GetDataSet 1.0.0¶
Overview¶
Description¶
Retrieves dataset items with advanced SQL-style filtering and sorting capabilities. This block provides comprehensive data retrieval features including: • SQL-style property filtering with full operator support (=, !=, >, >=, <, <=, IN) • Complex logical expressions with AND/OR operators and parentheses • Multi-datatype support (strings, numbers, booleans, dates, null values) • Flexible pagination for large result sets • SQL-style sorting with multiple columns and directions (ASC/DESC) The block converts SQL-style filter and sort expressions directly to Cosmos DB queries for optimal performance.
Configuration Options¶
| Name | Data Type | Description | Default Value |
|---|---|---|---|
| filter | str or Constant(value=None) | SQL-style filter expression supporting operators (=, !=, >, >=, <, <=, IN), logical operators (AND, OR), and parentheses. Filters by properties like Name, Status, Size, createdAt, etc. | None |
| sort | str or Constant(value=None) | SQL-style sort expression for ordering results. Format: 'Column ASC/DESC' or 'Column1 ASC, Column2 DESC' for multi-column sorting. | None |
| skip | int | Number of items to skip from the beginning of results for pagination. Use with take to implement paging. | 0 |
| take | int | Maximum number of items to return in results. Combined with skip for pagination control. | 50 |
| dataset_id | UUID or Constant(value=None) | Specific dataset ID to retrieve from. If None, attempts to use the first available dataset in the workspace. | None |
Inputs¶
No inputs available.
Outputs¶
| Name | Data Type | Description |
|---|---|---|
| results | list[DataSetItem] | Ordered list of matching dataset items from the specified dataset. Each DataSetItem contains properties, metadata (createdAt, modifiedAt), and indexText content. Returns empty list if no dataset_id provided or no matches found. |
Examples¶
# Basic dataset retrieval
- id: get_dataset_basic
uses: GetDataSet@1.0.0
with:
dataset_id: "550e8400-e29b-41d4-a716-446655440000"
take: 25
outputs:
results: customer_records
Error Handling¶
WorkspaceError
- Error Code
workspace_required- Common Cause
- Block is used outside of a workspace context or workspace is null
- Solution
- Ensure the block is executed within a properly initialized workspace environment
DatasetNotFoundError
- Error Code
dataset_not_accessible- Common Cause
- Specified dataset_id does not exist in the workspace or is not accessible
- Solution
- Verify the dataset_id exists in the current workspace's dataspaces. Returns empty list if invalid
FilterParsingError
- Error Code
invalid_filter_syntax- Common Cause
- Malformed SQL-style filter expression with invalid syntax or operators
- Solution
- Check filter syntax: proper quotes for strings, valid operators (=, !=, >, >=, <, <=, IN), correct logical operators (AND, OR)
FAQ¶
What's the difference between skip/take and traditional pagination?

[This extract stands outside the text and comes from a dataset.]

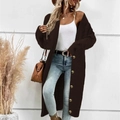 Dunkelbraune Strickjacke für Damen mit Zopfmuster, V-Ausschnitt und goldenen Knöpfen - S / Kaffeebraun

Skip/take provides offset-based pagination where skip=20 and take=10 retrieves items 21-30. This is efficient for sequential page navigation but can be expensive for large offsets. For high-volume datasets, consider implementing cursor-based pagination using sort by unique fields like createdAt.
How do I filter by multiple properties with complex logic?
Use parentheses to group conditions: `(Status = 'Published' OR Status = 'Review') AND Size > 1000 AND createdAt >= '2024-01-01'`. The parser supports nested logical expressions with AND/OR operators and proper precedence handling.
What properties are available for filtering and sorting?
You can filter/sort by: (1) Built-in metadata fields: createdAt, modifiedAt, indexText (2) Custom dataset properties defined in your dataset schema (3) System properties like Size, Name, Type depending on your dataset structure. Property names are case-sensitive.
How can I optimize performance for large datasets?
Best practices: (1) Use specific filters to reduce result sets (2) Implement reasonable take limits (50-500 items) (3) Sort by indexed fields when possible (4) Avoid deep pagination with large skip values (5) Use dataset_id to target specific datasets rather than scanning all available datasets.
Can I use wildcards or pattern matching in filters?
The current filter implementation supports exact matches and comparison operators. For text search, use the indexText field which contains searchable content. For pattern matching, consider using a separate search block or implement client-side filtering on the returned results.